A large convoy of Syrian government troops was also spotted heading toward the M4 highway. Syrian state news agency SANA said troops had entered the region of Ras al-Ain, deploying to eight villages along the highway and close to the Syria-Turkey border.
Syrian government troops had not set foot in northeastern Syria since 2012, when the government pulled out to focus on the war elsewhere in Syria.
The SDF, spearheaded by the Kurdish People’s Protection Units (YPG), took control of the area when it allied itself with the US in its battle against ISIL in the region. Since its founding in 2015, it significantly expanded its control across northern and eastern Syria and has sought to create an autonomous federation there.
But after Trump ordered his forces to withdraw from Kurdish-held areas, allowing for a Turkish offensive launched on October 9, the SDF turned to Russia and Damascus for protection.
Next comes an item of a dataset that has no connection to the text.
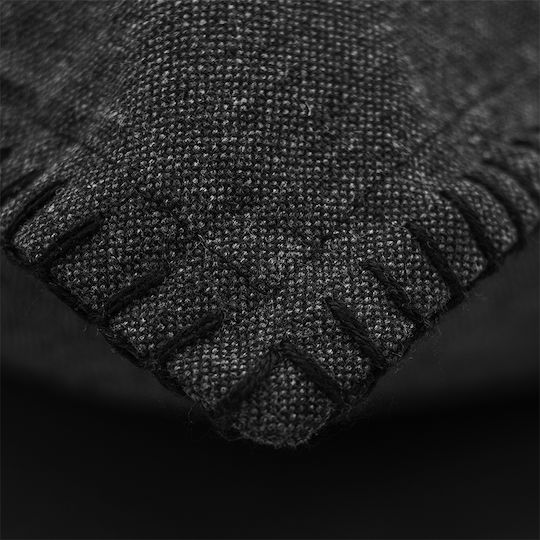 Lino Home Decorative Pillow Case Tavola From 100% Cotton Black 45x45cm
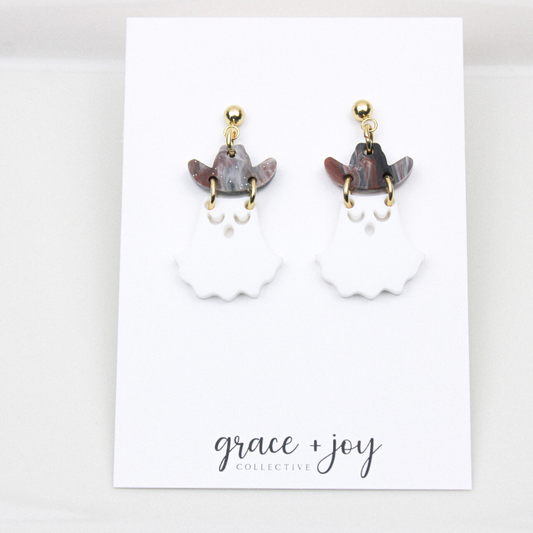 Cowboy Ghost Earrings - Dangle Cowboy ghost Halloween image 1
The government deployment began in mid-October.
The Turkish-led operation was announced as part of Ankara’s plan to carve out a so-called “safe zone” – cleared of the SDF – to which some of the 3.6 million Syrian refugees currently living in Turkey can be returned.
A separate deal reached between Turkey and Russia earlier this week accelerated the Syrian government deployment as joint Russian-Syrian patrols are part of the new border arrangements.
But Russia was critical that Washington will continue to keep troops in Syria.
Russian Foreign Ministry spokesman Igor Konashenkov said: “What Washington is doing now, the seizure and control of oil fields in eastern Syria under its armed control, is, quite simply, international state banditry.”
“All hydrocarbon deposits and other minerals located on the territory of Syria do not belong to the ISIL terrorists, and even less to the ‘American defenders from ISIL terrorists,’ but exclusively to the Syrian Arab Republic,” he added.
“The real cause of this illegal action by the United States in Syria lies far from the ideals that Washington has proclaimed and from the slogans of fighting terrorism,” Konashenkov said.
After ordering his troops home, Trump said he will leave up to 300 troops in southern Syria before Esper announced that another residual force was being considered in eastern Syria to protect oil fields.
Russian Foreign Minister Sergey Lavrov and US Secretary of State Mike Pompeo spoke by telephone on Saturday.
“From the Russian side, the necessity was emphasised of refraining from steps undermining the sovereignty and territorial integrity of that county,” the ministry said in a statement.
Meanwhile, Turkish President Recep Tayyip Erdogan said on Saturday that Turkey would “clear terrorists” on its border in northern Syria if the SDF did not withdraw by the end of a deadline agreed with Russia.
“If the terrorists are not cleared at the end of the 150 hours, we will take control and clean it ourselves,” Erdogan said during a speech in Istanbul, referring to the YPG-led SDF.
Ankara views the YPG as an extension of the outlawed Kurdistan Workers’ Party (PKK), and has long made it clear it wants to rid the border area of “terrorist elements”.
The PKK has waged a decades-long armed campaign against Turkey, aiming to form an independent state, and is considered a “terrorist group” by Ankara and many Western countries.
Erdogan and Russian President Vladimir Putin agreed on a deal in the Black Sea resort of Sochi on Tuesday in which Moscow will “facilitate the removal” of the fighters and their weapons from within 30 kilometres (18 miles) of the border.
The deadline ends at 6pm local time (15:00 GMT) on Tuesday.
Despite his threat, Erdogan said Turkey had “to a large extent” reached its goal in terms of setting up a “safe zone” to protect against attacks from ISIL and the SDF.